埼玉県障害難病団体協議会、難病患者家族会での講演後質疑応答のまとめ
2008年9月27日(土)〜28日(日)の2日間、埼玉県障害難病団体協議会の難病患者家族会に参加し、28日には「よい”眠り”のために」というタイトルでお話しをさせて頂きました。講演の内容は、以前当院の第22回健康講座(こちら)で行ったものとほぼ同じです。ここには講演後の質疑応答を掲載させて頂きます。
(宿泊した富士桜莊から見た富士山)
質疑応答:
- 寝るときにアイスノンなどで頭を冷やすとよく眠れると聞いたのですが本当でしょうか?
- お風呂に入ってからだが暖まって、そのあと体温が下がってくると眠くなってくるということはありますが、アイスノンなどで冷やすと同じような効果が得られるのかどうかはわかりません。あまり冷やしすぎると肩こりの原因などにもなるでしょうし・・・夏の暑い夜でしたら効果はあるのかもしれませんね。
-
アルコールと肝臓は関係がありますし、アルコールと睡眠にも関係があるようですが、肝臓と睡眠とは関係はありますか?
-
- 肝臓と睡眠の直接の関係ということよりも肝臓でもアルコールの代謝が関係があるのだと思います。もちろん肝炎や肝硬変などではだるくなったり眠くなったりすることはあります。
-
C型肝炎でインターフェロン療法を受けました。その際に、むずむず足症候群になり、インターフェロン療法が終わってもまだそれが残っていて、アモバンという薬を飲んでやっと眠れるようになりました。これは、睡眠剤なのですか、睡眠導入薬なのでしょうか?
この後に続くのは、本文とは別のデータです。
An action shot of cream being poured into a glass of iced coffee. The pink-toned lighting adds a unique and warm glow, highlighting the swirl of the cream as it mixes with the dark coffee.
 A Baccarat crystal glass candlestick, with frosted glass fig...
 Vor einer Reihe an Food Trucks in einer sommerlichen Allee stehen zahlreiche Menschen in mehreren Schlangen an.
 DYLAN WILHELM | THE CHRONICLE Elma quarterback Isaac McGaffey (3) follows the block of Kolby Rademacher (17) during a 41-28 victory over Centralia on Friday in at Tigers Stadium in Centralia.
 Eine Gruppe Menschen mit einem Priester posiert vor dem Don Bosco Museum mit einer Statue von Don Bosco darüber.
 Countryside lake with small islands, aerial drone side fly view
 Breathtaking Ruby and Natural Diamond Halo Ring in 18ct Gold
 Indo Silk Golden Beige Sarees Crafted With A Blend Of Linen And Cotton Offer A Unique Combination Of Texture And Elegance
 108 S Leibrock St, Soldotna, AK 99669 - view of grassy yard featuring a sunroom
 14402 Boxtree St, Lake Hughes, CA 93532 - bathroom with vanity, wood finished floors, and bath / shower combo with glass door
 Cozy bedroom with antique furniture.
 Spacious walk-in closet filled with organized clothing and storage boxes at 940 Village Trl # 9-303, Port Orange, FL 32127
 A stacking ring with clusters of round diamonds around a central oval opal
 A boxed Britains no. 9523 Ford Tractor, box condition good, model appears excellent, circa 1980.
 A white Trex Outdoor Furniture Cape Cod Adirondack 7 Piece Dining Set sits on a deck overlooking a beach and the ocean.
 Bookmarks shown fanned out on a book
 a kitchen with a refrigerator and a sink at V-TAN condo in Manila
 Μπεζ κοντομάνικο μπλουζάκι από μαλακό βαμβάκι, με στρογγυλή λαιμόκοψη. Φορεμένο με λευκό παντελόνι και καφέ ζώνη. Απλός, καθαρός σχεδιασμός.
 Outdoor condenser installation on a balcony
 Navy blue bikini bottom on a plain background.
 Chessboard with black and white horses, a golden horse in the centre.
- インターフェロンの副作用で、うつやむずむず足症候群などになることはあり、不眠で悩まれる方は多いようです。アモバンは、薬の分類上は睡眠導入薬に入ります。作用時間も長くはなく、睡眠に入るところを助けてくれる薬です。インターフェロン療法が終わって、むずむず足症候群がだんだん軽くなってきたら、少しずつアモバンも必要なくなってくると思いますので、今なさっているように、半錠にしたり、今回のような旅行の時だけ服用するなどの様な使い方でよいかと思います。
-
先日、アンチエイジングの本を読んでいたら、一日8時間の睡眠で一週間に56時間寝るようにするのがいいとかいてありましたが。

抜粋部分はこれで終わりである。